Un repyramidage qui doit s’inscrire dans le long terme

« En interne, on observe beaucoup plus d’inscriptions en HDR depuis que les campagnes de repyramidage ont été ouvertes », expose Sébastien Laforge. En effet, pour être candidat il faut avoir obtenu une HDR au 31 décembre de l’année précédente. Un diplôme qui demande un travail de rédaction important et un temps de réalisation plus ou moins long selon les disciplines.

C’est pourquoi l’Unsa Sup’Recherche estime que le délai de cinq ans n’est pas suffisant pour permettre à tous les candidats potentiels de se manifester.
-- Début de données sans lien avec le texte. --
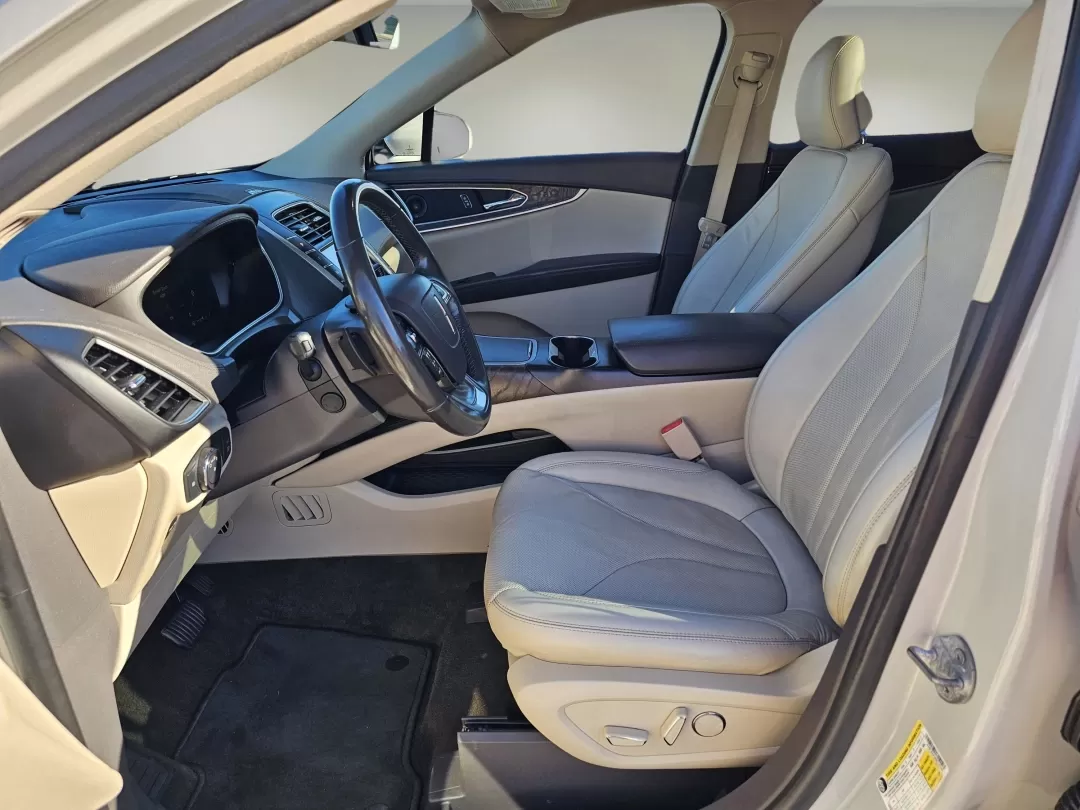 2019 Lincoln Nautilus Reserve (2LMPJ6LP3KB) with an Other engine, located at 3959 U.S. 80 W, Phenix City, AL, 36870, (334) 297-4885, 32.469296, -85.135185 - **Elevate Your Lifestyle with the 2019 Lincoln Nautilus Reserve at Gils Auto!**<br /> <br /> Are you ready to embrace a new level of luxury and comfort while navigating life's adventures? Look no further than the stunning 2019 Lincoln Nautilus Reserve, now available at Gils Auto in Phenix City, AL. - Photo#9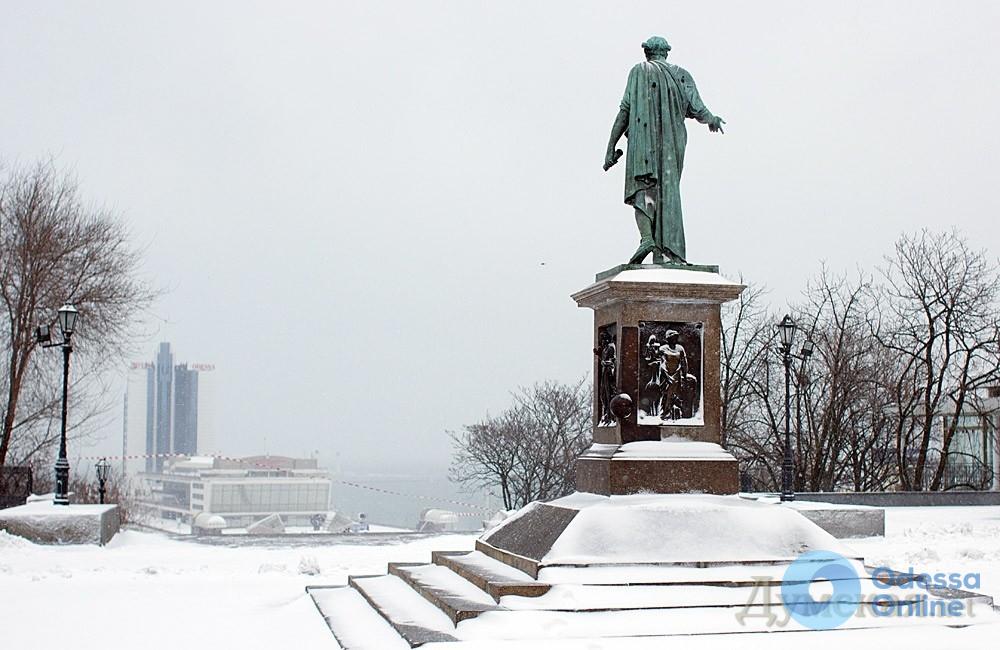 Снег и мороз: в Одессу возвращается зима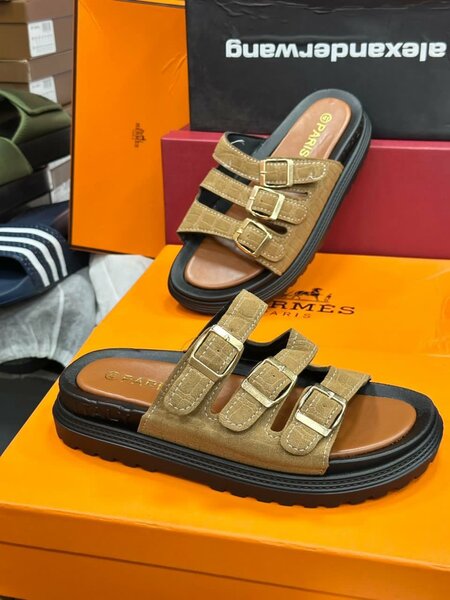 Sandales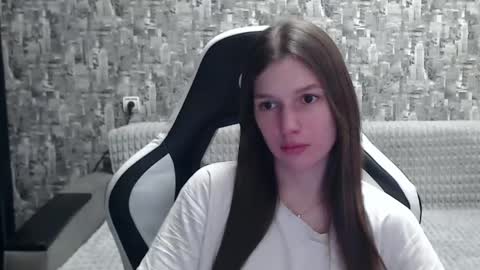 Snapshot of honeyynancyy chatting on January 7, 2025, 4:16 pm Nancy online show from January 7, 2025, 4:16 pm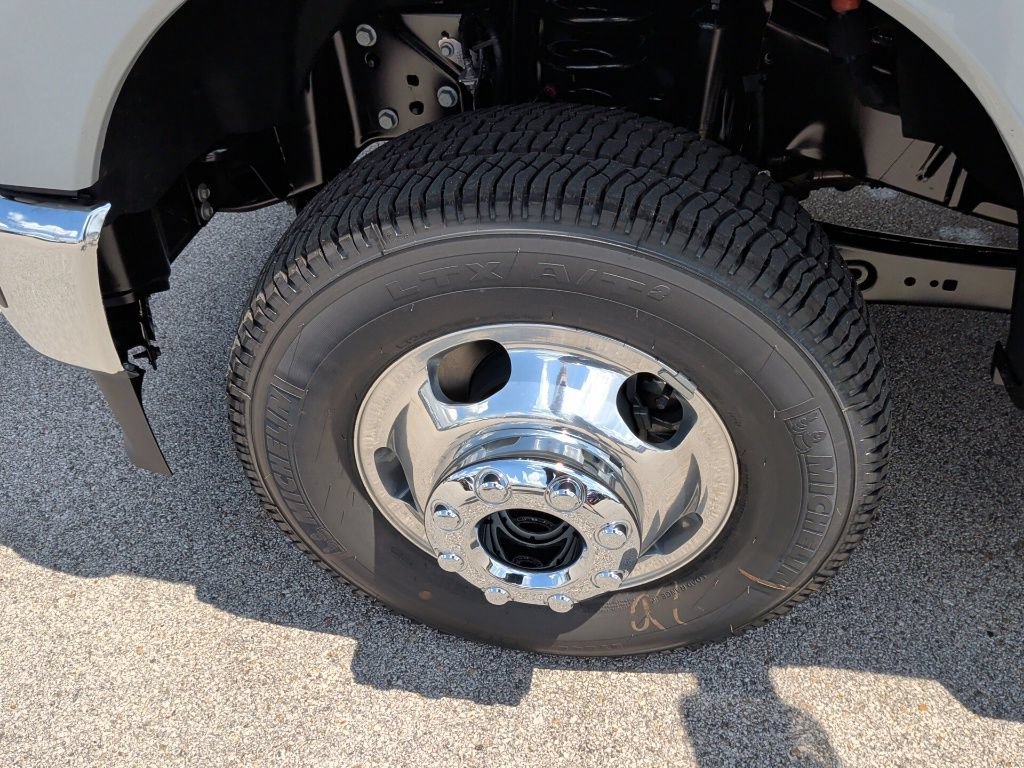 New 2026 Ford F350 XLT AWD/4WD image 43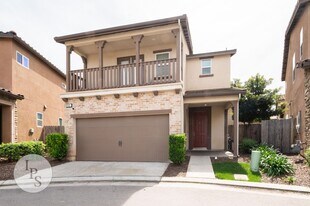 6193 E Brick Dr in Fresno, CA - Building Photo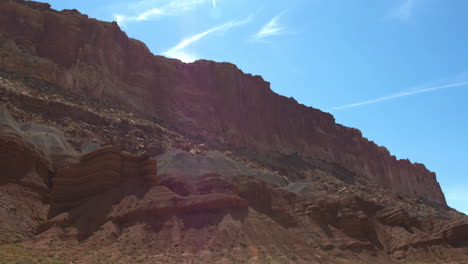 Eine-Weitwinkelaufnahme-Des-Riffs-Und-Der-Klippen-Im-Capitol-Reef-State-National-Park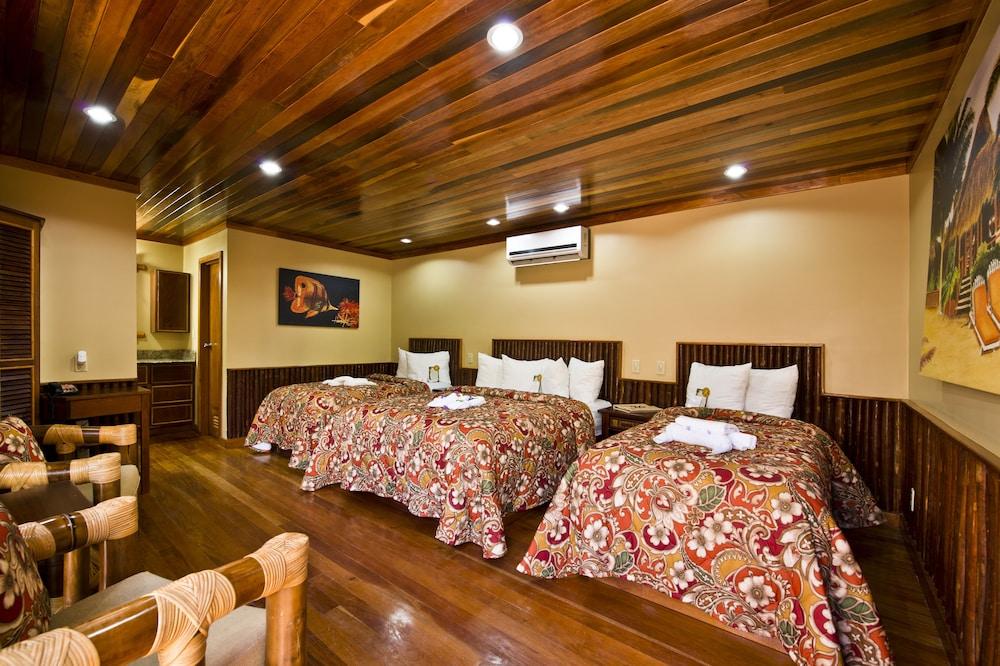 Ramons Village Resort ซานเปโดร ภายนอก รูปภาพ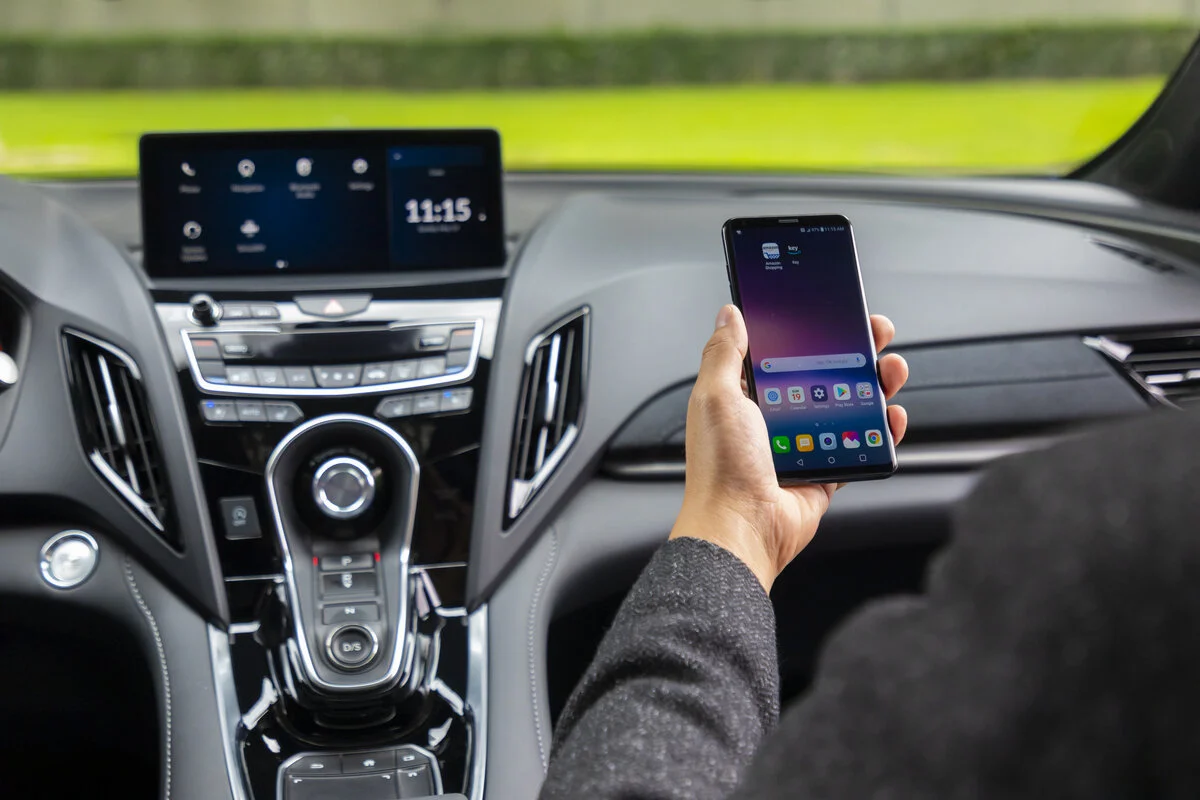 Get packages delivered using the Key by Amazon In-Car delivery services. Talk about the ultimate convenience with this posh SUV with a sweet budget. 📸 Photo Credit: Acura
« Nous avons des collègues qui repoussaient la HDR, par manque de temps ou d’opportunités, qui commencent à la passer. Le repyramidage est une mesure qui doit s’inscrire dans un temps plus long », estime Jean-Laurent Gardarein.

Jusqu’à la pérennisation ?

Le syndicat défend même une pérennisation de cette voie de promotion. Cette revendication sera soutenue dans le cadre de la clause de revoyure de la Loi de programmation de la recherche — une clause permettant son réexamen. Car, au-delà de rétablir un équilibre entre MCF et PR, le repyramidage s’avère être le moyen de promouvoir des profils différents. « C’est une voie intéressante pour des collègues qui ont des dossiers un peu moins focalisés sur la recherche, qui sont plus investis dans d’autres domaines, comme la pédagogie », remarque Sébastien Laforge.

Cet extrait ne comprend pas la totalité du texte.